A full transcript follows the video.

This podcast was recorded on Aug. 5, 2016.

Dylan Lewis: One of the big things they touch upon in the show, Richard meets with a friend who had his own start-up, things didn't really go particularly well for him, is the idea of a down round, and the fear of a down round. Chris, do you want to touch on that a little bit?

Chris Hill: Yeah. It's yet another thing they do that they get right on the show. A down round is simply, you do your series A financing, you have an implied valuation of X. If you do another follow up round, and the valuation of your private company drops, first of all, it's such a catastrophic sign. You can just tell, in the scene where they're having that conversation, it's the worst possible thing that can happen outside of a tragic accident of some sort.

Part of what's exciting for companies at this stage, when they're private, when they're growing, is the excitement around it. It's a great scene where they're going to all the meetings on Sand Hill Road, and you can just see that Richard and Ehrlich are the two characters of the show, the two main drivers of the business -- and we'll get to business leadership in a second -- you can see, they have this strut in their step, because they know they're in the driver's seat. Everybody wants to invest in their company. If you have a down round, it's the exact opposite. You're going hat in hand to all these VC firms, trying to convince them that you're still worth investing in, and you have no leverage whatsoever.

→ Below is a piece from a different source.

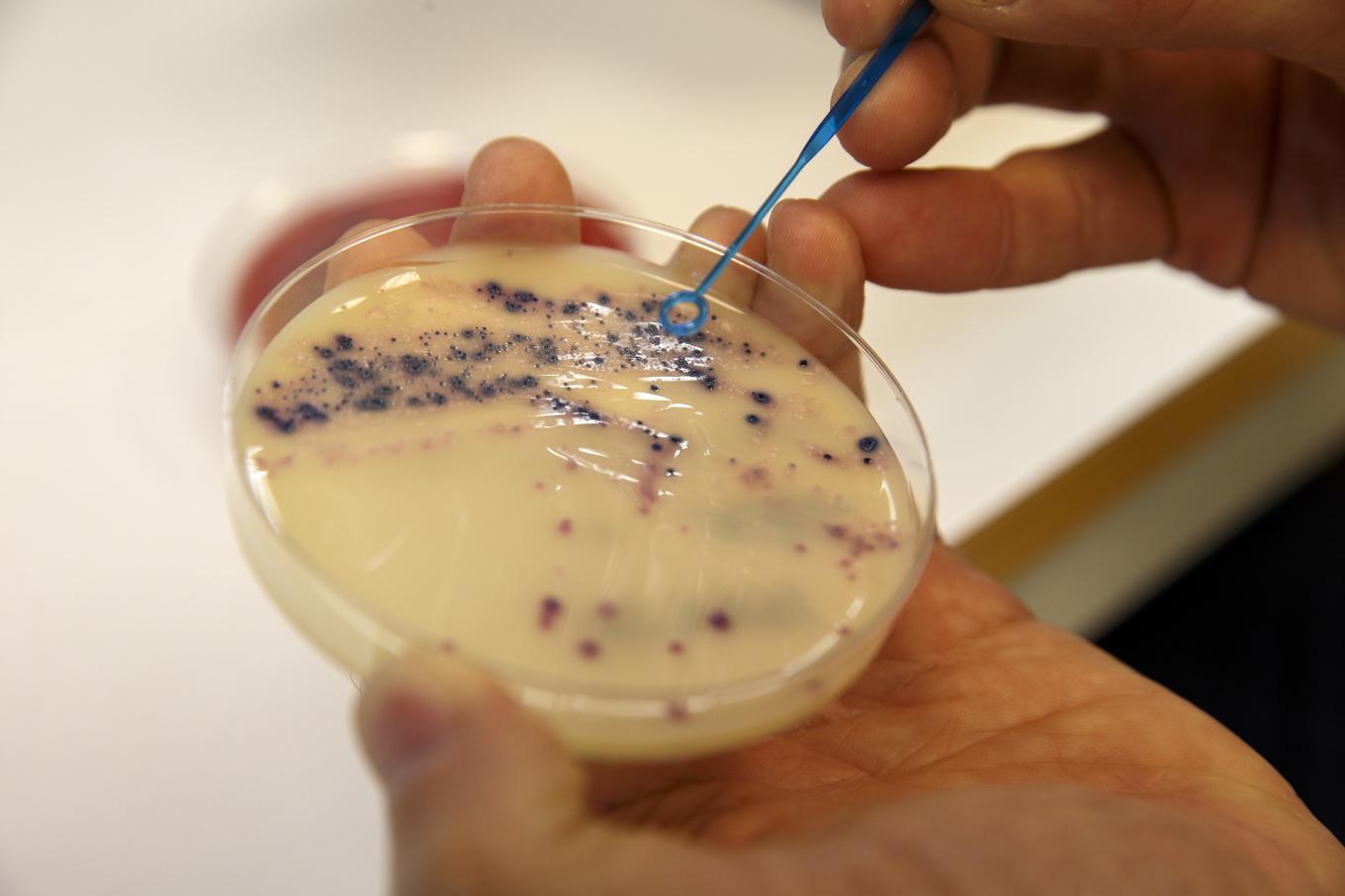 Antibiotikaresistens är ett växande problem världen över. Nanoplaster i våra kroppar kan göra det värre. Arkivbild. Foto: Cornelius Poppe/NTB/TT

Lewis: Yeah. It's kind of the kiss of death in a lot of ways. You think about a publicly traded company that has a really poor earnings report. It's like, OK, they've had years of success. There's an ebb and flow with that business, but we know in general, things are going pretty well, and they're on the up-and-up. A down round is like, this is the second time we've gotten a glimpse at this company's valuation, and some of their growth metrics, and they look terrible. You don't have that nice, steady backlog of success that you can point to. It's much more volatile and much more disruptive, and that's why it can be particularly difficult for companies in that space. That's why you want to see that nice, steady climb up. In the show, they even allude to, "I could have taken less money and set my expectations a lot lower." And that's ultimately what they wind up doing -- they shun an incredibly high valuation for the same amount of equity but less money so they can give themselves more realistic growth targets. That was actually a suggestion that came from Marc Andreessen. We talk about some of the research they do on the trips they go on before each season to get ideas for the writers' room. That's something he proposed, like, "Yeah, someone could do that, if they wanted to." I've never seen it in the world, but I think it's kind of interesting.

Hill: It's got to be pretty heady. It's got to be really hard to be sitting across the table from someone who is saying not only, "Here's how much money we're going to give you, and, by the way, this means, the company that you have built is now worth $100 million, $200 million." It's hard not to be seduced by that, and to walk away and say, "You know, it's actually better for us in the long run to take a breath, go slow, get greater control over the company, and pass up a huge amount of money."

Lewis: Yeah. I wonder if that's something that might happen, reality and fiction blending together. Maybe some entrepreneurs will take that advice.